Moving on on our tour of Midwestern neighborhoods and their relation to downtowns, we next come to the Lockerbie community of Indianapolis, Indiana. First of all, I had never realized that Indianapolis had a planned street grid, with radiating arteries coming out from a central roundabout (we’ll look at that sometime in the future). Lockerbie Square, as its name implies, was laid out by a Scotsman in the 1840s.
Like many neighborhoods near a major American downtown, it was built up early, suffered abandonment, demolition and decline, and has seen in-fill and rebirth. It is within walking distance of central Indianapolis, and critically, there are not any really ugly, pedestrian unfriendly areas to walk through to get there.
What is perhaps interesting is that while Indianapolis is a city of wood, there are still some brick houses, and the in-fill tends to reflect the former. But look at this amazing Queen Anne house below.

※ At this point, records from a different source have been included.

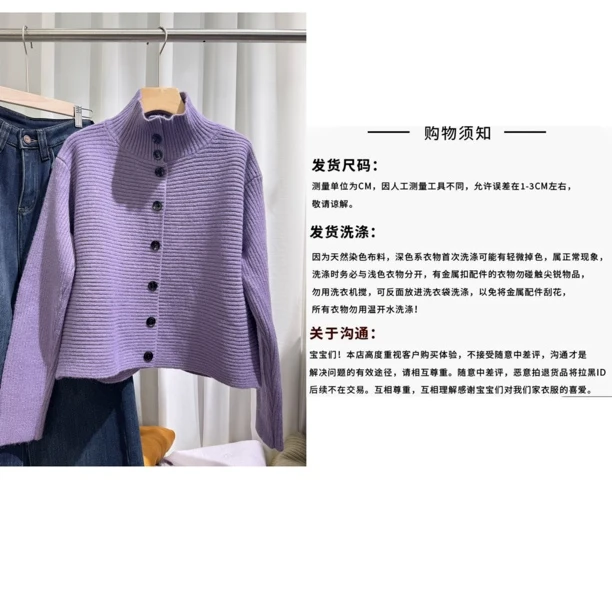 （M4318）冬季韩系高领坑条针织开衫女宽松显瘦百搭长袖外套上衣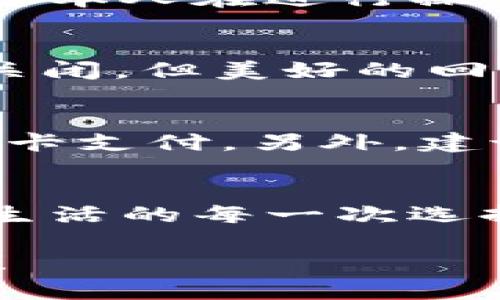 如何關(guān)閉建設(shè)銀行數(shù)字錢包?
關(guān)閉,建設(shè)銀行,數(shù)字錢包/guanjianci

引言：便利的數(shù)字錢包生活
在這個數(shù)字化飛速發(fā)展的時代，各種金融創(chuàng)新層出不窮，讓我們的生活變得更加便利。建設(shè)銀行推出的數(shù)字錢包，讓用戶可以方便快捷地完成支付、轉(zhuǎn)賬等操作，真的是為生活增添了許多便利。然而，有時候我們可能因為各種原因需要關(guān)閉數(shù)字錢包，這可能是因為不再使用，或者是更換其他支付方式等等。那么，如何關(guān)閉建設(shè)銀行的數(shù)字錢包呢？

建設(shè)銀行數(shù)字錢包的基礎(chǔ)知識
數(shù)字錢包是一種存儲用戶支付信息、實現(xiàn)便捷交易的工具。建設(shè)銀行的數(shù)字錢包綁定了個人的銀行卡，用戶只需通過應(yīng)用程序，即可完成購物、轉(zhuǎn)賬、繳費等操作。這種便捷的支付方式使得我們的日常生活更為輕松、迅速！多么令人振奮??！不過，當我們遇到一些特殊情況時，關(guān)閉這個數(shù)字錢包可能是一個理智的選擇。

關(guān)閉建設(shè)銀行數(shù)字錢包的準備工作
在正式關(guān)閉數(shù)字錢包之前，了解相關(guān)信息是至關(guān)重要的。首先，確保數(shù)字錢包內(nèi)沒有未完成的交易或余額。建議在關(guān)閉前提現(xiàn)或消費掉余額，并確認沒有掛起的交易。此外，您可以對與數(shù)字錢包相關(guān)的服務(wù)進行相應(yīng)的調(diào)整，例如解綁銀行卡等。做好這些準備工作，能讓關(guān)閉數(shù)字錢包的過程更加順利！

步驟一：登錄數(shù)字錢包
關(guān)閉建設(shè)銀行數(shù)字錢包的第一步，就是需要登錄您的數(shù)字錢包應(yīng)用。在當前界面中，您需要輸入賬號和密碼。如果您遺忘了密碼，別擔心！建設(shè)銀行為您提供了找回密碼的功能。準確輸入您的個人信息，通過手機驗證碼進行身份驗證便可重設(shè)密碼。

步驟二：查找關(guān)閉選項
一旦成功登錄，您可以在應(yīng)用首頁找尋設(shè)置或賬戶管理選項。這些通常是放置在主界面的右上角或底部導(dǎo)航欄中。每個應(yīng)用的界面設(shè)計可能不同，因此您可能需要花費一些時間仔細尋找。雖然這可能讓人感到有些無聊，但耐心總會帶來意想不到的收獲！

步驟三：確認關(guān)閉操作
在找到關(guān)閉數(shù)字錢包的選項后，通常會提示您確認是否真的要進行該操作。認真閱讀相關(guān)提醒，確保您已經(jīng)做好關(guān)閉數(shù)字錢包的準備。一旦確認，您可能需要輸入賬戶密碼或驗證碼，以確保是您本人在進行操作。這個過程雖有些繁瑣，但也是為了保護您的賬戶安全哦！

步驟四：完成關(guān)閉
成功確認關(guān)閉后，系統(tǒng)通常會給出相應(yīng)的提示，告訴您數(shù)字錢包已關(guān)閉。這時，您可以選擇退出應(yīng)用，稍作休息，回顧一下這段使用數(shù)字錢包的經(jīng)歷。是否也有曾經(jīng)的愉快購物回憶呢？雖然選擇關(guān)閉，但美好的回憶依然會留存在心底。多么讓人感慨的一段歷程?。?
后續(xù)事項：關(guān)閉后的注意事項
關(guān)閉數(shù)字錢包后，您仍需注意一些相關(guān)事項。首先，您將無法通過該數(shù)字錢包進行各種支付服務(wù)。因此，如果您還有其他支付需求，建議盡快選擇一個替代方案，例如其他支付應(yīng)用或傳統(tǒng)的銀行卡支付。另外，建議您定期查看自己的銀行賬單，以確保沒有任何異常交易發(fā)生哦！

總結(jié)：閉上數(shù)字錢包，開啟新生活
關(guān)閉建設(shè)銀行的數(shù)字錢包其實并不復(fù)雜，只要根據(jù)步驟循序漸進，您很快就能完成這一操作。雖然我們關(guān)閉了一個便利的支付工具，但是與此同時，我們也在為自己的生活開辟新的方向。正如生活的每一次選擇，都是在不斷探索中前行。無論是關(guān)閉數(shù)字錢包，還是選擇其他支付方式，都是我們生活中重要的一部分。希望您在今后的生活中，能夠找到更符合自己需求的金融工具，讓生活更加豐富多彩！

無論是數(shù)字錢包的便捷，還是銀行服務(wù)的全面，都在提醒我們，合理利用金融資源，才能更好地生活。在這個快速變化的時代，不妨停下來，思考一下，您需要的是什么，讓金融服務(wù)真正為你所用！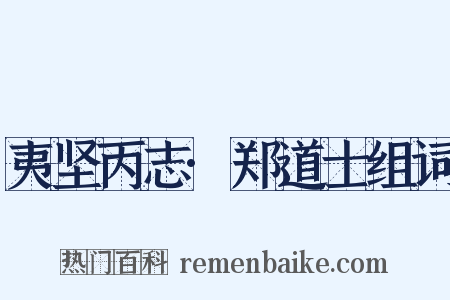 夷坚丙志·郑道士组词是什么意思的图片
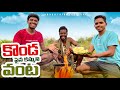 Cooking in the jungle          araku tribal culture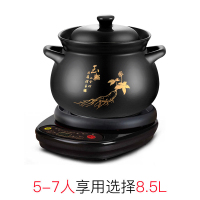 全自动陶瓷电砂锅大容量电炖锅2-3人煲汤锅家|8.5L煲C印花(RS-HS)+黑底座A[5-7人适用]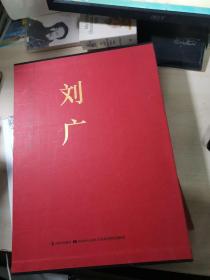 中国当代名家画集：刘广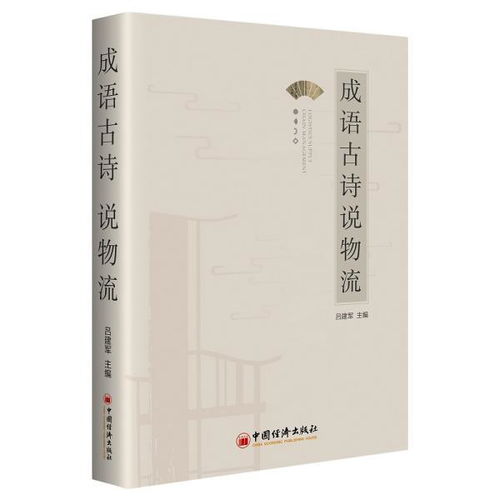 關(guān)于物流服務(wù)的詩句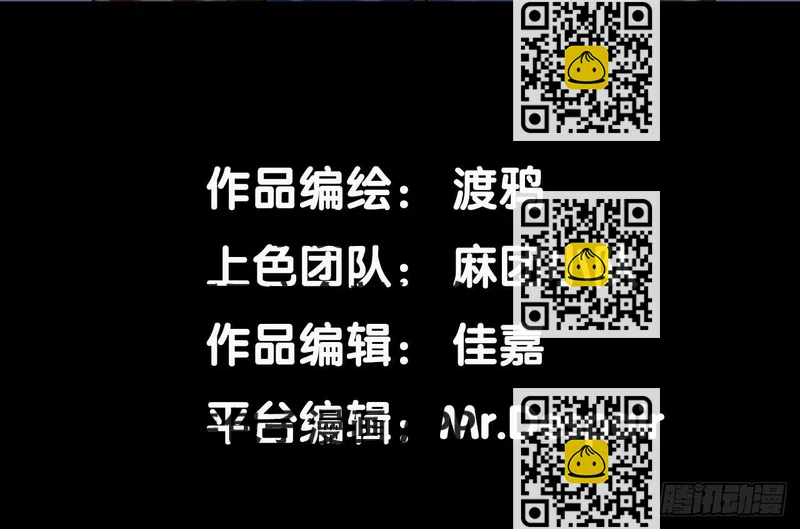 《此岸边缘》分析案件（上） 第2页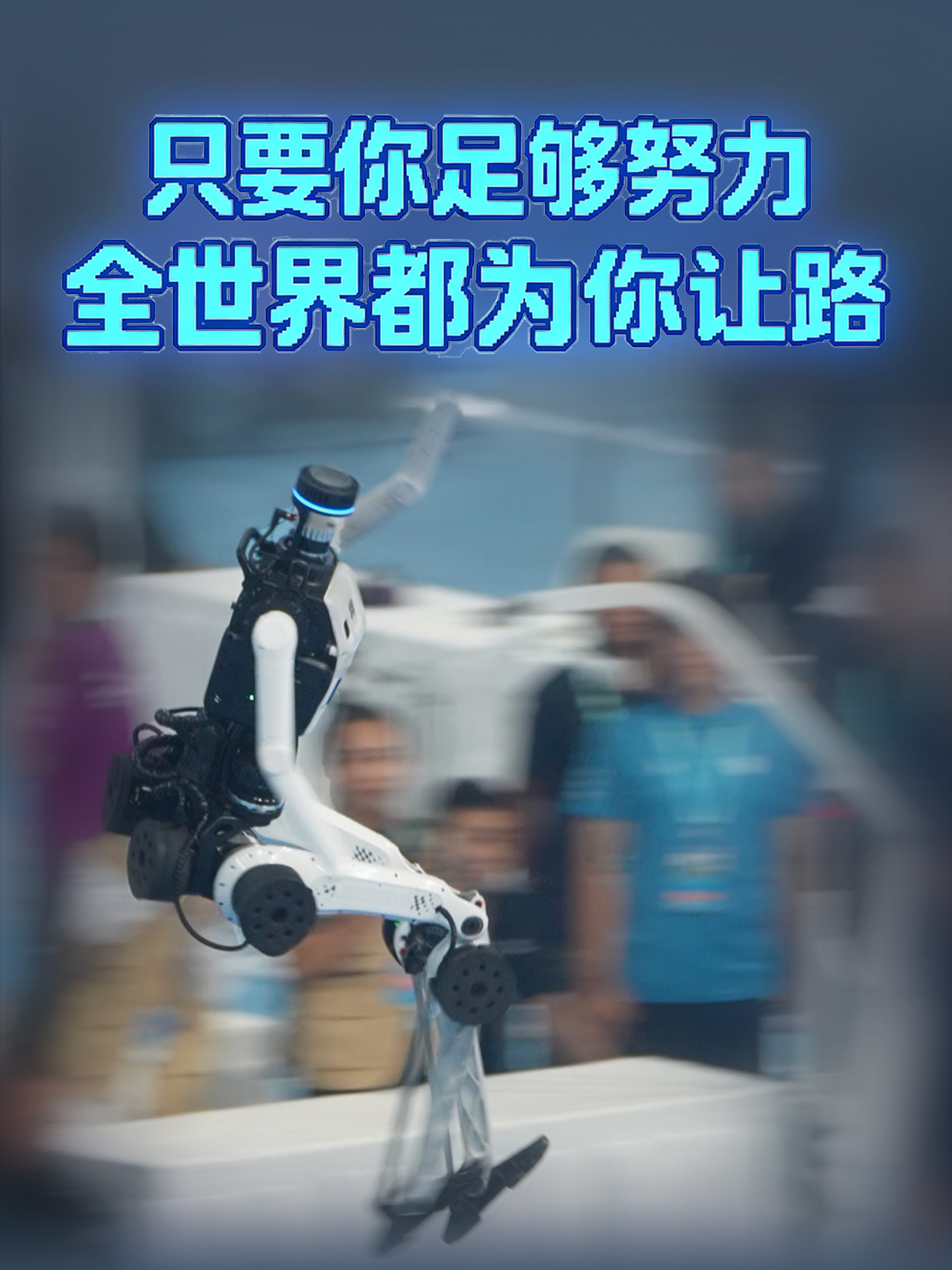 人形机器人运动会跳远冠军出炉,天骄队跳出 7.97 米夺冠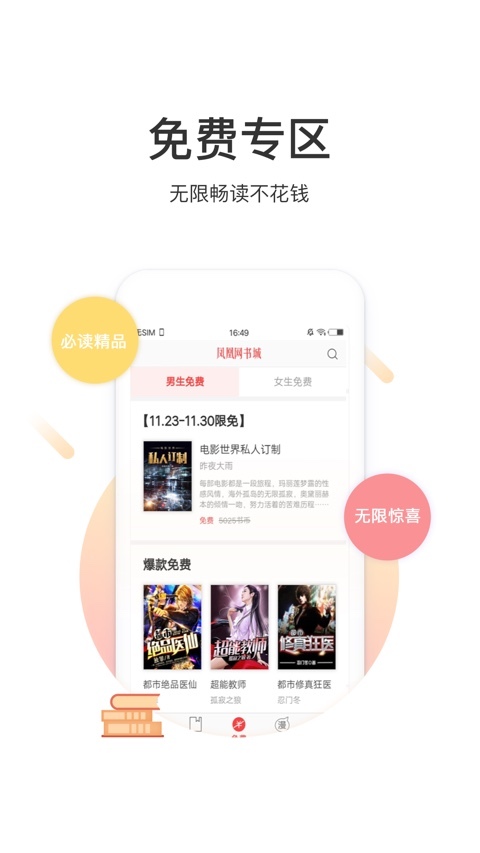 凤凰网书城最新版手机软件app截图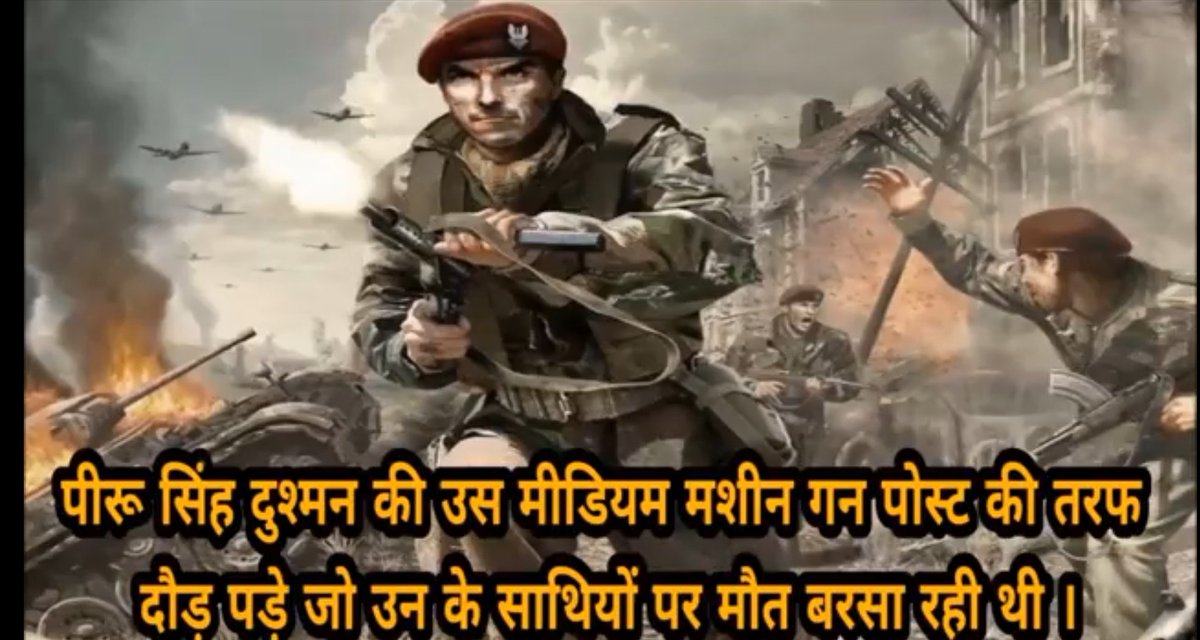 rajrif_india's tweet image. On 18 July 1948, Company Havildar Major Piru Singh of 6,Rajputana Rifles was tasked to attack and capture a Pak-occupied hill feature at Thithwal in J&K.
Facing heavy MMG fire, he single-handedly destroyed the enemy MMG nest.
#HeroesOfIndia #GallantryAwards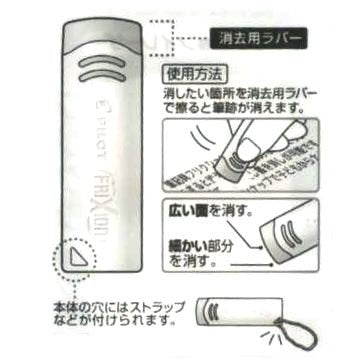 Pilot Frixion Elf02-10-L Erasable Whiteboard Marker-Kiichin - The #1 Place for Japanese Goods in Your Hand!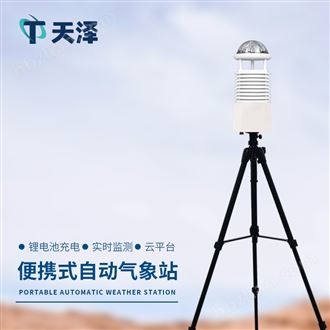 TZ-BQX12十二要素便携式气象站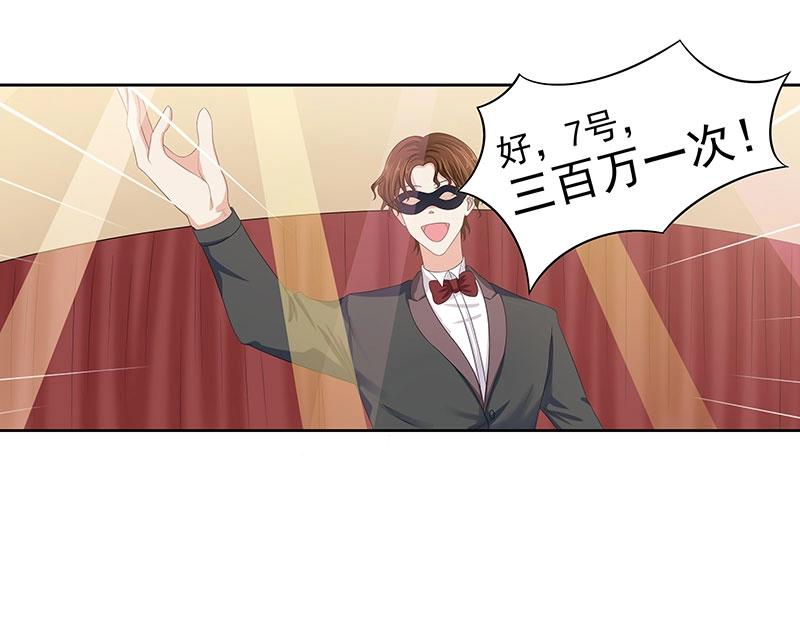 第63话(1/2)-第44话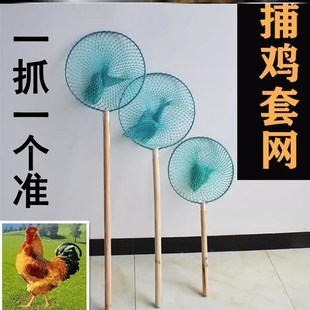 抓鸡专用网抓野外鸡网野套捕鸡网野外捕鸡套O家用网兜套网鸭鹅鸽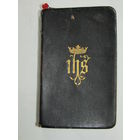 "Римский Бревиарий". Книга. Золотой обрез. Подарочное издание. Оригинал. 1911 г.и. м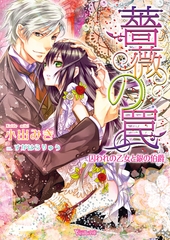 薔薇の罠～囚われの乙女と銀の伯爵～ 7 [ヴァニラ文庫]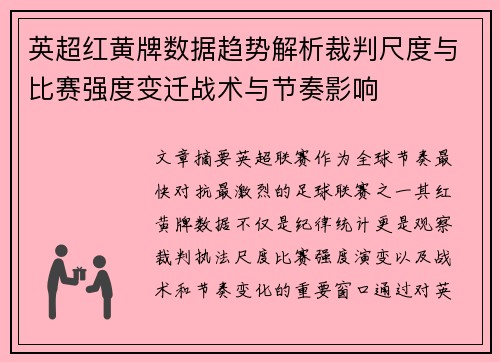 英超红黄牌数据趋势解析裁判尺度与比赛强度变迁战术与节奏影响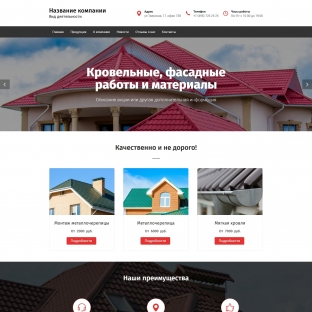 Кровельные, фасадные работы и материалы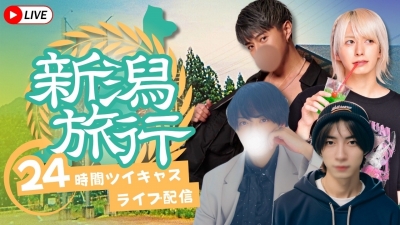 MUGEN（ﾑｹﾞﾝ） ✨特別企画・10/10-11 新潟旅行24時間ライブ配信🍶✨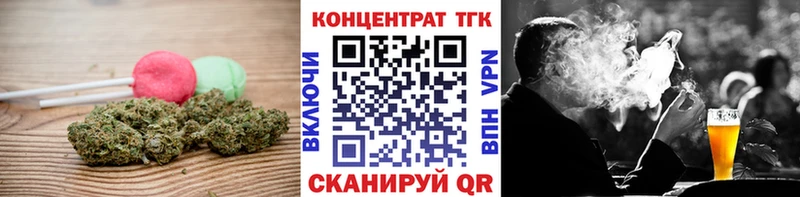 где продают   Трубчевск  Canna-Cookies конопля 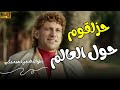 شاهد حصريا فيلم حزلقوم حول العالم بطولة النجم أحمد مكي 
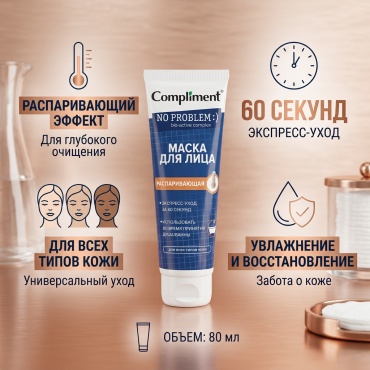 Маска для лица Compliment распаривающая No problem 80 мл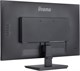 Монитор iiyama 27  ProLite XU2792QSU-B6 F691423 - фото 84658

I perhaps enjoyed the wood frame and brick Italianate houses sitting right next to each other, as well.
Ultimately, though this is an amazing neighborhood, I was saddened by the fact that it is really an island surrounded by interstates, parking lots and other uses that makes it isolated. It seems almost like a “living history museum,” much like the LaSalle Park neighborhood in St. Louis. Wouldn’t be just that much more wonderful if it flowed into other contiguous neighborhoods?